-- INPUT FOR THIS TASK --

*** Block opens ***

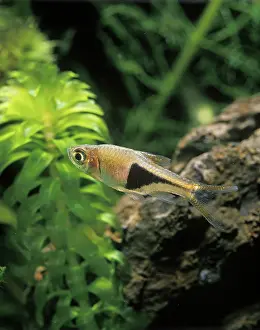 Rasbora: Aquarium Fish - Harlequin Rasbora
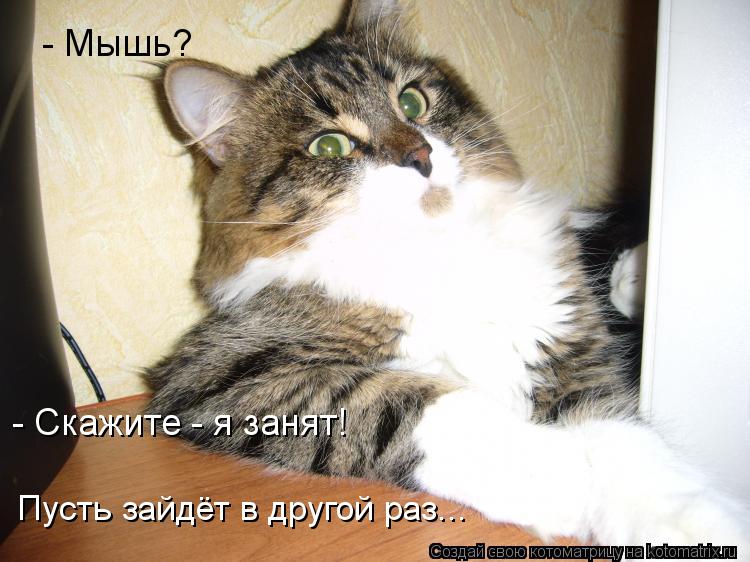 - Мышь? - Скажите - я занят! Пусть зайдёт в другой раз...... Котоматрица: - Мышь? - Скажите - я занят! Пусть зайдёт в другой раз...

*** Block closes ***
*** Block opens ***

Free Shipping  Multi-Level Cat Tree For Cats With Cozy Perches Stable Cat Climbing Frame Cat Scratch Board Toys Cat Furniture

*** Block closes ***

-- WORK INSTRUCTION --
The lines to set down run from the line with "Rasbora: Aquarium Fish - Harlequin Rasbora" up to and including the line with "в другой раз......" in the entries above. Reproduce them exactly, with no pictures.

-- OUTPUT OF THE EXERCISE --
 Rasbora: Aquarium Fish - Harlequin Rasbora
 - Мышь? - Скажите - я занят! Пусть зайдёт в другой раз...... Котоматрица: - Мышь? - Скажите - я занят! Пусть зайдёт в другой раз...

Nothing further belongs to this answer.